ARRET No 142 DU VINGT DEUX AVRIL DEUX MILLE TREIZE
AFFAIRE No : 11/ 01493
Décision déférée à la Cour : Jugement du Conseil de Prud'hommes de POINTE A PITRE du 21 septembre 2011, section activités diverses.
APPELANTE
ASSOCIATION LE MONDE DE L'ENFANT, 20 avenue de l'Ouest-Raizet 97139 LES ABYMES Représentée par Me WERTER substituant Me Charles NICOLAS (TOQUE 69) avocat au barreau de GUADELOUPE
INTIMÉE
Madame Anecy X... épouse Y... ... 97115 SAINTE ROSE Représentée par Me FANFANT de la SELARL EXCELEGIS (TOQUE 82) avocats au barreau de GUADELOUPE
COMPOSITION DE LA COUR :
En application des dispositions de l'article 945-1 du code de procédure civile, l'affaire a été débattue le 03 décembre 2012, en audience publique, les parties ne s'y étant pas opposées, devant M. Bernard ROUSSEAU, président de chambre et Mme Marie-Josée BOLNET, conseillère
Ces magistrats ont rendu compte des plaidoiries dans le délibéré de la Cour, composée de :
M. Bernard ROUSSEAU, Président de chambre, président, M. Jean DE ROMANS, Conseiller, Mme Marie-Josée BOLNET, Conseillère,
Les parties ont été avisées à l'issue des débats de ce que l'arrêt sera prononcé par sa mise à disposition au greffe de la cour le 4 février 2013 puis le délibéré a été successivement prorogé jusqu'au 22 avril 2013
GREFFIER Lors des débats Mme Juliette GERAN, Adjointe Administrative Principale, faisant fonction de greffière, serment préalablement prêté.
ARRET :
Contradictoire, prononcé publiquement par mise à disposition de l'arrêt au greffe de la cour, les parties en ayant été préalablement avisées conformément à l'article 450 al 2 du CPC. Signé par M. Bernard ROUSSEAU, Président de chambre, président, et par Mme Juliette GERAN, Adjointe Administrative Principale, fft de greffière, à laquelle la décision a été remise par le magistrat signataire.

FAITS ET PROCEDURE :
Mme Anecy Y..., née X..., a été embauchée par l'Association le MONDE DE L'ENFANT, gérant une crèche, par contrat de travail à durée déterminée sous forme d'un contrat d'Accompagnement dans l'Emploi (C. A. E.) pour une période de 24 mois à compter du 1er août 2008 jusqu'au 31 juillet 2010.

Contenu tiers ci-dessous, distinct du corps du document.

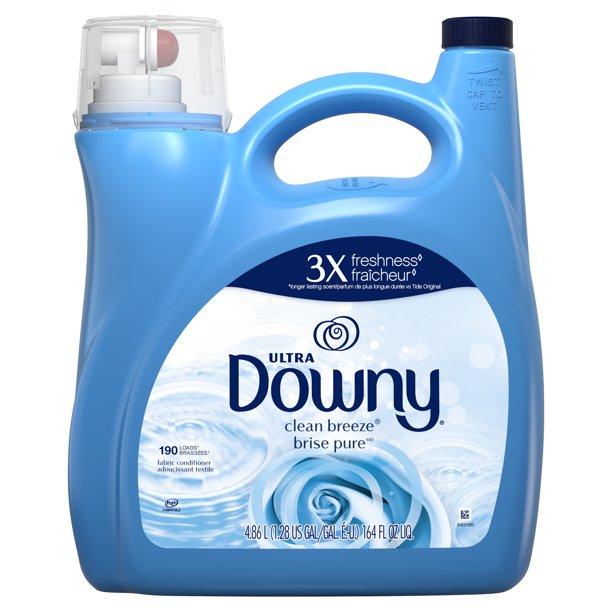Downy - Ultra Liquid Fabric Softener 164oz, Clean Breeze - Case of 4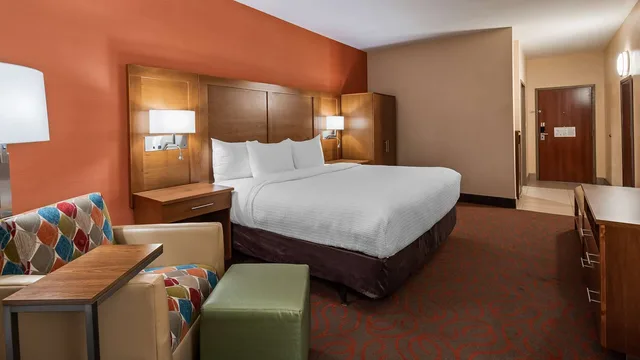 غرفة بسرير كينج لذوي الإعاقة، Best Western Cannon A.F.B. Clovis 3/6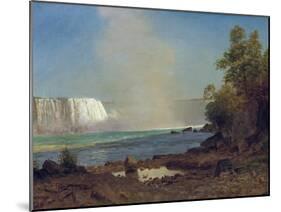 Niagara Falls-Albert Bierstadt-Mounted Giclee Print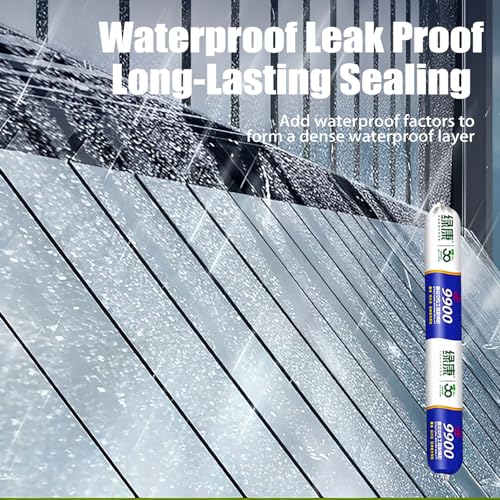9900 Sealant Waterproof, Silicon Waterproof Sealant 9900 (White,3Pcs) - color: White, size: 3Pcs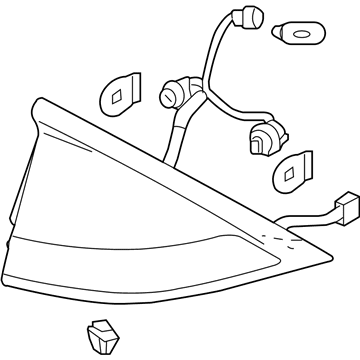 Honda 33551-TM8-A02 Lamp Unit, L. Tail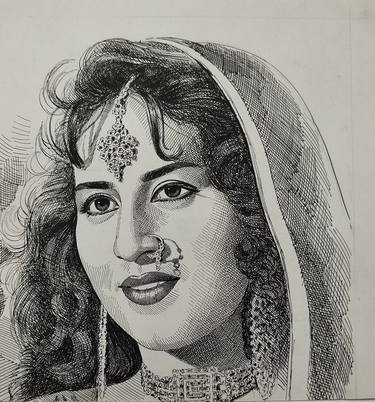 Original Women Drawings by zohaib ahmed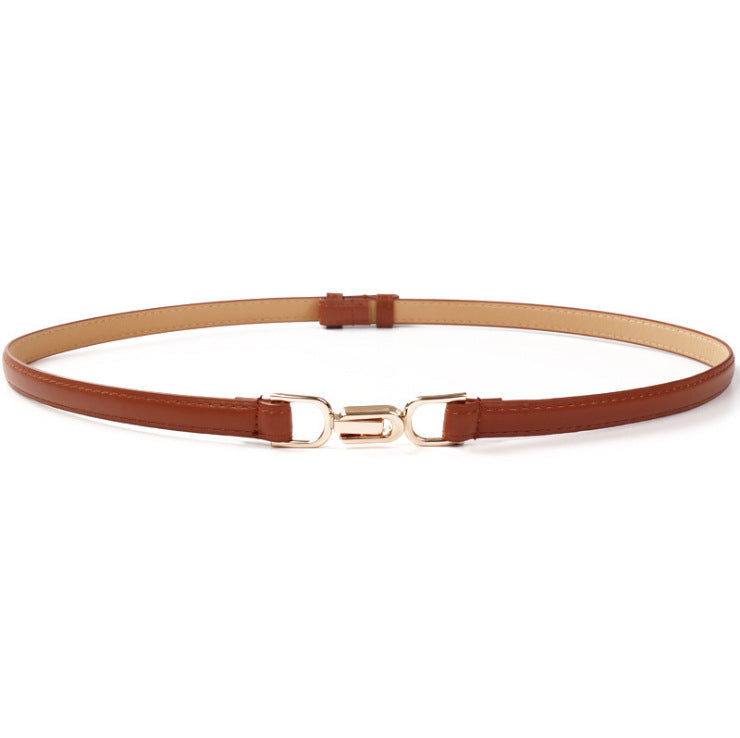 A Pair Of Buckles Belt Women's Fine Decoration Dress Matching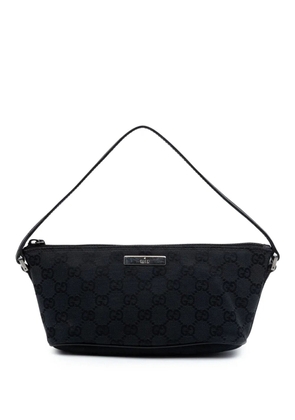 Gucci Pre-Owned 2000-2015 GG Canvas Boat shoulder bag - Black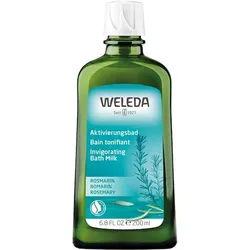 Weleda Koerperpflege BadezusaetzeÄtherische Öle wirken aufmunternd und aktivieren die SinneRosmarin Aktivierungsbad 200 ml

Le 14 novembre 2009, l'employeur adressait à la salariée un avertissement lui reprochant son comportement irrespectueux du vendredi 13 novembre 2009 à l'égard de la directrice de l'établissement et la mise en danger de l'équilibre psychologique des autres salariés et des enfants pris en charge par la structure.

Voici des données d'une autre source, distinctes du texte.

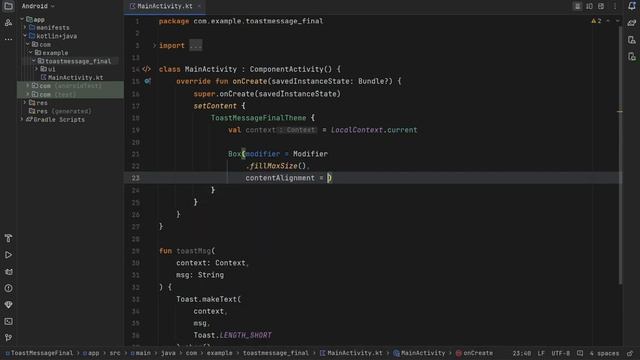 Toast Message | Jetpack Compose | Android | Code Along смотреть онлайн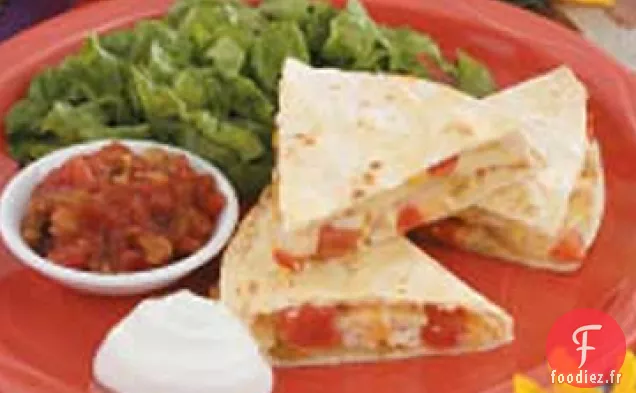 Quesadillas au Poulet aux Pommes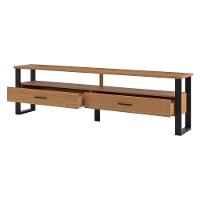 Rack Para Tv Até 65 Pol. Estilo Industrial 2 Gavetas F43 Freijó-preto Fosco - Pradel - 1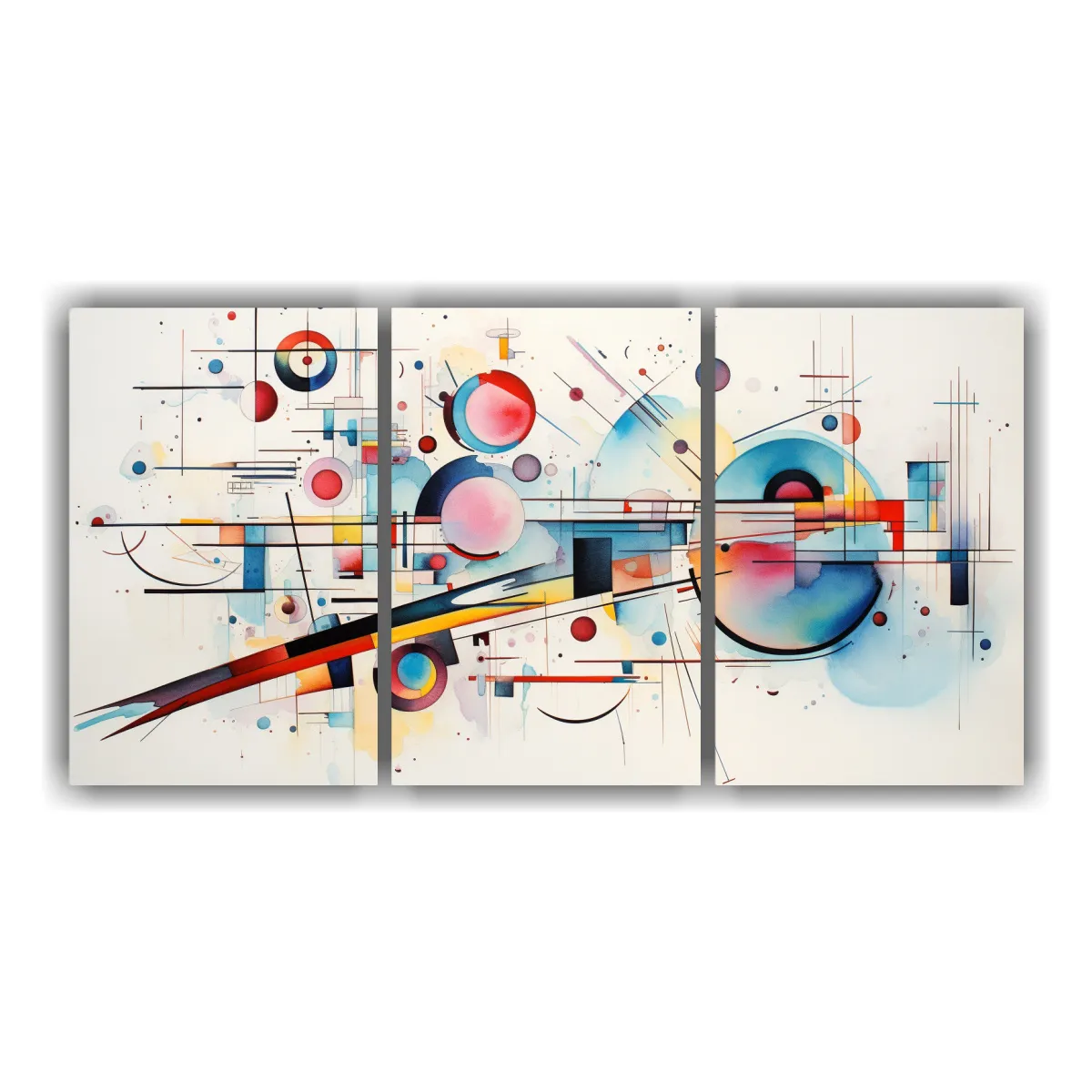 GENERICO - Pintura Decorativa De Acuarela Abstracta De Kandinsky 240x120cm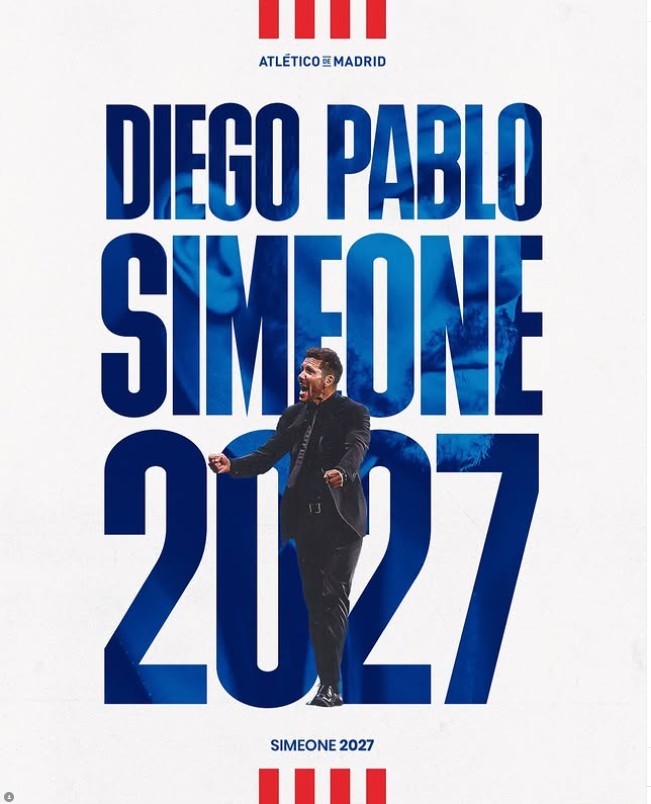 El Cholo Simeone suma 1000 partidos como técnico. Tiene contrato vigente hasta 2027 y actualmente tiene al Atleti en semifinales de la Champions League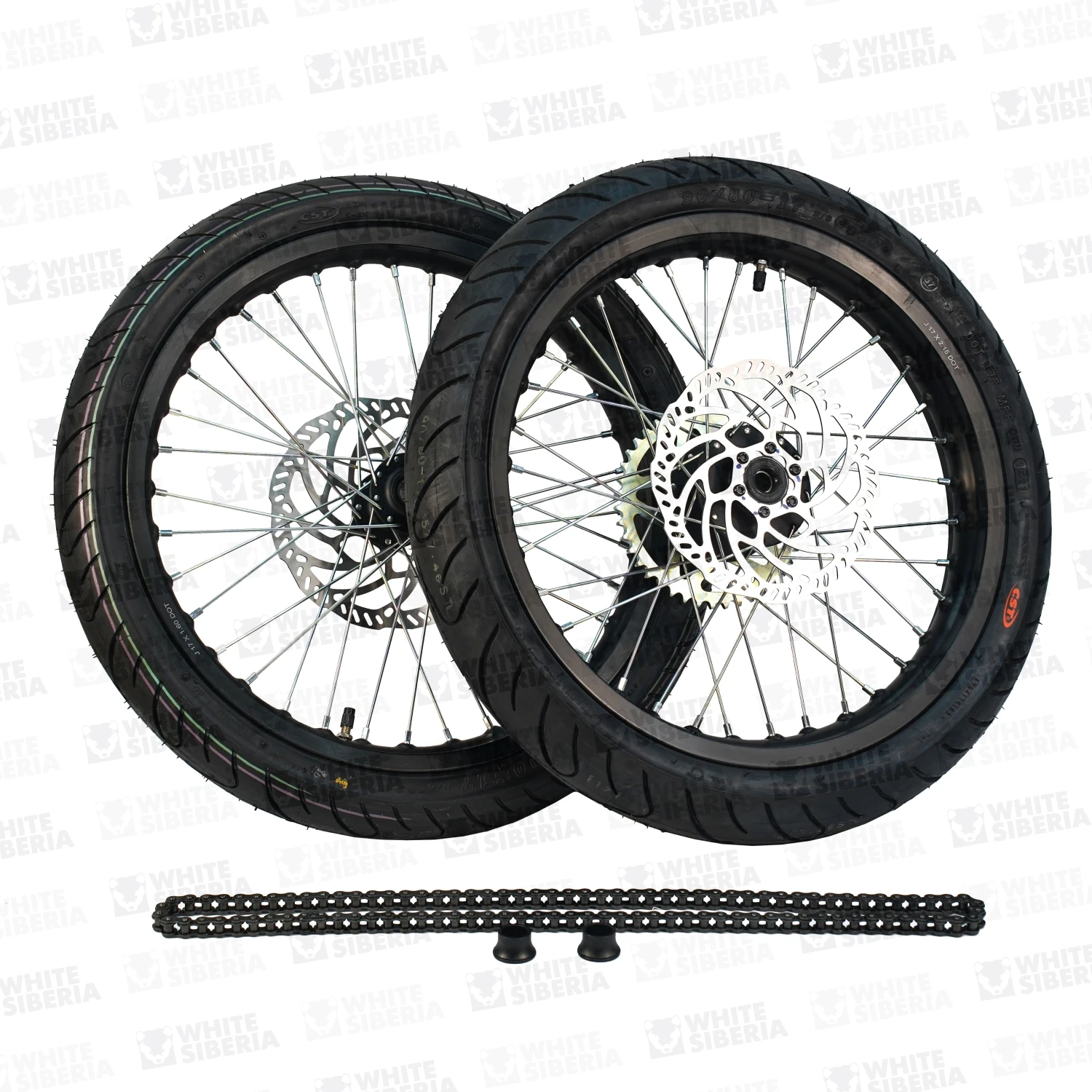Комплект дорожных колёс 17 (СУПЕРМОТО)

Le 25 novembre 2009, Mme Anecy Y... recevait une lettre de son employeur l'informant de sa mise à pied temporaire à titre de mesure conservatoire.
Par lettre du 7 décembre 2009, elle était convoquée à un entretien préalable à une éventuelle procédure de licenciement pour faute.

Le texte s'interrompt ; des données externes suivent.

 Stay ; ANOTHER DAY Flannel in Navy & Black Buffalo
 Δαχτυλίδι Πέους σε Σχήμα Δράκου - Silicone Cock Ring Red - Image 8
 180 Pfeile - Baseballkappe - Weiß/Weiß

Madame Anecy Y... recevait le 24 décembre 2009 la notification de la rupture anticipée de son contrat de travail pour faute grave.
Contestant cette rupture, elle saisissait le conseil de prud'hommes de Pointe – à – Pitre aux fins d'obtenir diverses sommes.
Par jugement contradictoire du 21 septembre 2011, la juridiction prud'homale a :- jugé que le licenciement opéré n'est pas constitutif d'une faute grave,- condamné l'Association le MONDE DE L'ENFANT, en son représentant légal, à verser à Mme Y... les sommes suivantes : · 10 707, 95 € au titre des salaires de décembre 2009 à juillet 2010 (151, 67 € x 80 % x 11, 0313/ taux horaire x 8 mois), · 200 € au titre de l'article 700 du code de procédure civile,- rappelé que les rémunérations et indemnités mentionnées à l'article R. 1454-14 du code du travail, dans la limite de 9 mois de salaire calculés sur la moyenne des 3 derniers mois, sont de droit exécutoire en application de l'article R1454-28 du code du travail, la moyenne des trois deniers mois de salaires s'élevant à 1673, 41 €,- débouté Mme Y... du surplus de ses demandes,- débouté l'Association le MONDE DE L'ENFANT de sa demande reconventionnelle au titre de 700 du code de procédure civile,- condamné la même aux éventuels dépens.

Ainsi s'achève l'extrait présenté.